The development of the TMMi has used the TMM framework as developed by the Illinois Institute of Technology as one of its major sources [Burnstein]. In addition to the TMM, it was largely guided by the work done on the Capability Maturity Model Integration (CMMI), a process improvement model that has widespread support in the IT industry. The CMMI has both a staged and continuous representation. Within the staged representation the CMMI architecture prescribes the stages that an organization must proceed through in an orderly fashion to improve its development process. Within the continuous representation there is no fixed set of levels or stages to proceed through. An organization applying the continuous representation can select areas for improvement from many different categories.

The TMMi has been developed as a staged model. The staged model uses predefined sets of process areas to define an improvement path for an organization. This improvement path is described by a model component called
a maturity level. A maturity level is a well-defined evolutionary plateau towards achieving improved organizational processes. At a later stage a continuous representation of the TMMi may become available. This will most likely not influence the content of the TMMi. It will ‘only’ provide a different structure and representation.

Other sources to the TMMi development include the Gelperin and Hetzel’s Evolution of Testing Model [Gelperin and Hetzel], which describes the evolution of the testing process over a 40-year period, Beizer’s testing model, which describes the evolution of the individual tester’s thinking [Beizer], research on the TMM carried out in the EU-funded MB-TMM project [V2M2], and international testing standards, e.g., IEEE 829 Standard for Software Test Documentation [IEEE 829]. The testing terminology used in the TMMi is derived from the ISTQB Standard Glossary of terms used in Software Testing [ISTQB].

As stated for defining the maturity levels, the evolutionary testing model of Gelperin and Hetzel has served as a foundation for historical-level differentiation in the TMMi. The Gelperin and Hetzel model describes phases and test goals for the 1950s through the 1990s. The initial period is described as “debugging oriented”, during which most software development organizations had not clearly differentiated between testing and debugging. Testing was an ad hoc activity associated with debugging to remove bugs from programs. Testing has, according to Gelperin and Hetzel, since progressed to a “prevention-oriented” period, which is associated with current best practices and reflects the highest maturity level of the TMMi.

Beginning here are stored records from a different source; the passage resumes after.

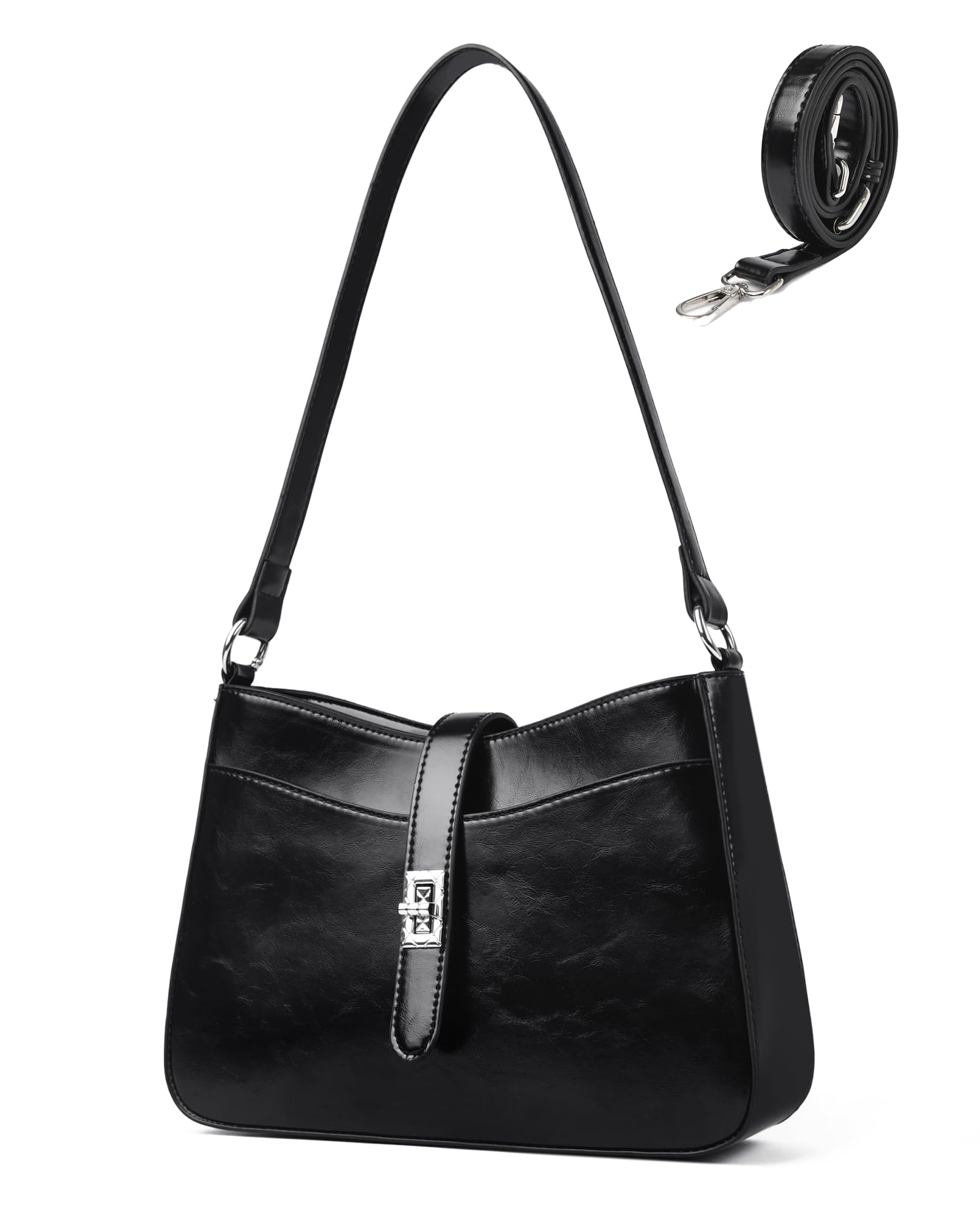 Makukke Handtasche Damen Klein, PU Leder Schultertasche Damen mit 2 Gurten, Klassisch Elegant Umhängetasche Crossbody Bag für Alltag & Part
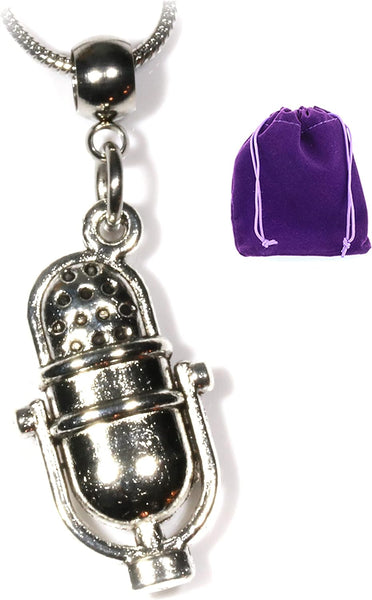 Gifts for Singers - Encanto Microphone Jewelry Music Charm Necklace DJ Pendant and a Charm Microphone that fits a Bracelet Makes Nice Men Jewelry Microphone Necklace and Music Lovers Gifts for Women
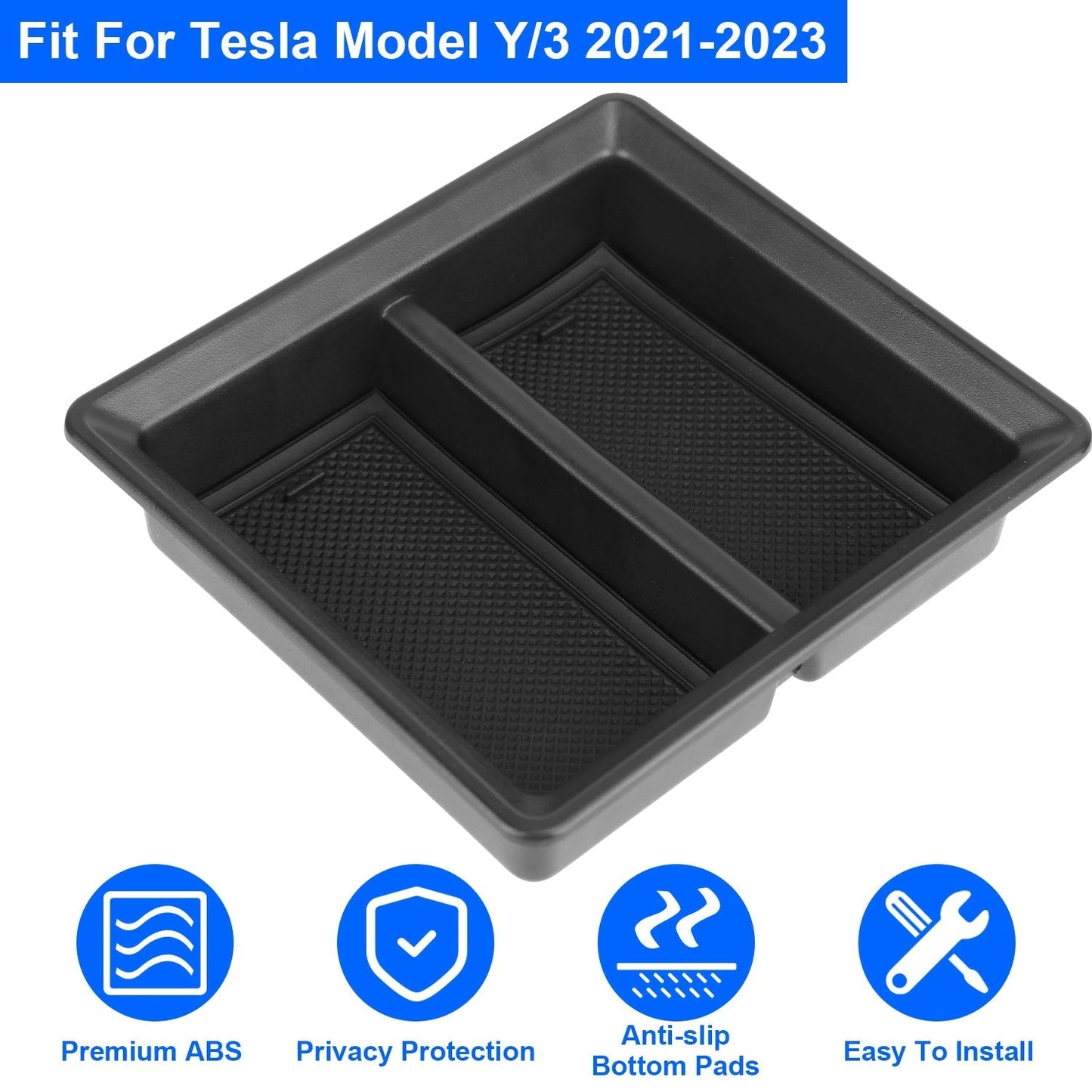 Center Console Organizer Tray Fit For 2021 2022 2023 Tesla Model 3 Model Y Armrest Drawer Storage Box with 2Pcs Silicone Pads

Furthermore, various industry best practices, practical experience using the TMM and testing surveys have contributed to the TMMi development providing it with its necessary empirical foundation and required level of practicality. These illustrate the current best and worst testing practices in the IT industry, and have allowed the developers of the TMMi framework to extract realistic benchmarks by which to evaluate and improve testing practices.